Episode 92: What Could Possibly Go Right? Qui-Gon: Pete, how much do we need to bet on this race to buy everything we need? / C-3PO: [[translating for R2-D2]] Let's see... buy back the ship, plus the parts... / [SFX]: < whiddle bing proww > / C-3PO: The bookmakers have heard Anakin is racing and put him at 350 to 1... / [SFX]: < doot-bleep deep doot bading ting biponip > / C-3PO: We'd have to bet 22,375 credits. / [SFX]: < doot pokidikip > / Qui-Gon: Got it. Back in a minute. / C-3PO: [[under breath. Well, quietly anyway]] And win, preferably. / [SFX]: < bippity whirr > / Anakin: I don't know if I can do this. I'm so nervous. / R2-D2: Relax, kid. I calculate a 5.9% chance you won't even die. / Qui-Gon: [[in background, to some strangers]] I'll see you after the race then. / Qui-Gon: [[returning]] There we go. All done. / C-3PO: [[casually]] What did you do? / [SFX]: < ping? > / [[Padmé looking incredulous, "What have you done now?" expression.]] / Qui-Gon: I'll tell you later. But it's my best plan yet! / [[Jar Jar looking horrified, "Oh nosa" expression.]] / Obi-Wan: What. Did. You. Do?

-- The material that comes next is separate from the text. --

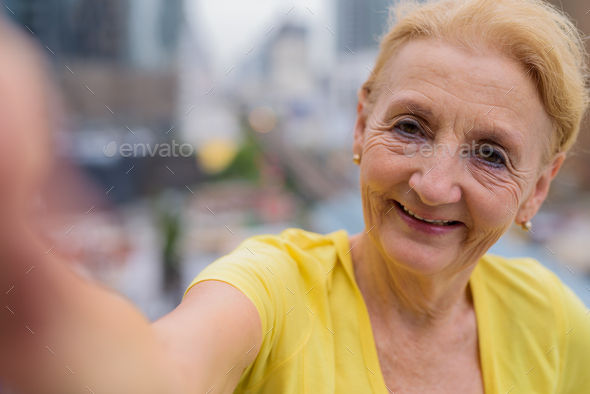Personal point of view of senior woman taking selfie with mobile phone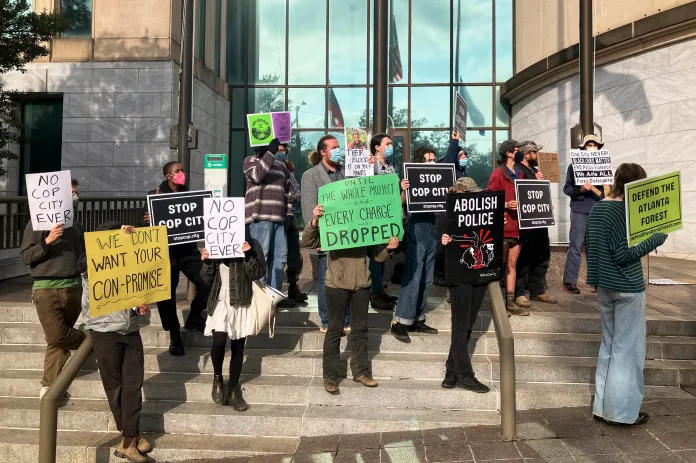 Demonstrators gather outside of Atlanta's City Hall on Tuesday, Jan. 31, 2023, as local officials announce they are moving forward with plans to build the Atlanta Public Safety Training Center. The protesters have called for officials to abandon plans for the project, which they call Cop City.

Episode 93: I Took the One Less Travelled By Dan: [[single alien head close-up]] Good morning sports fans, and welcome to the Boonta Eve Classic. / Dan: It promises to be a thrilling race, and joining me here in the commentary box is Olaf Annodue. / Olaf: [[single alien head close-up]] Hello Dan. / Jar Jar: They'sa joined together? / GM: Er... sure, why not. / Jar Jar: Wowsa! / Dan: [[both heads now shown joined to a single body]] Replacing the Junkyard owner Watto will be his young slave Anakin, competing in his first race. / Olaf: Let's hope it's not his last! He's a brave lad indeed; human beings are notoriously squishy. / Dan: We are a hilarious fellow, to be sure! / Olaf: Shouldn't that be an hilarious fellow, Dan? / Dan: Shut your cakehole you festering pillock. / Olaf: I'm sorry... I'm so sorry. Please don't hit me. / Shmi: Um, do you need some time alone? / R2-D2: I think Sally broke the GM.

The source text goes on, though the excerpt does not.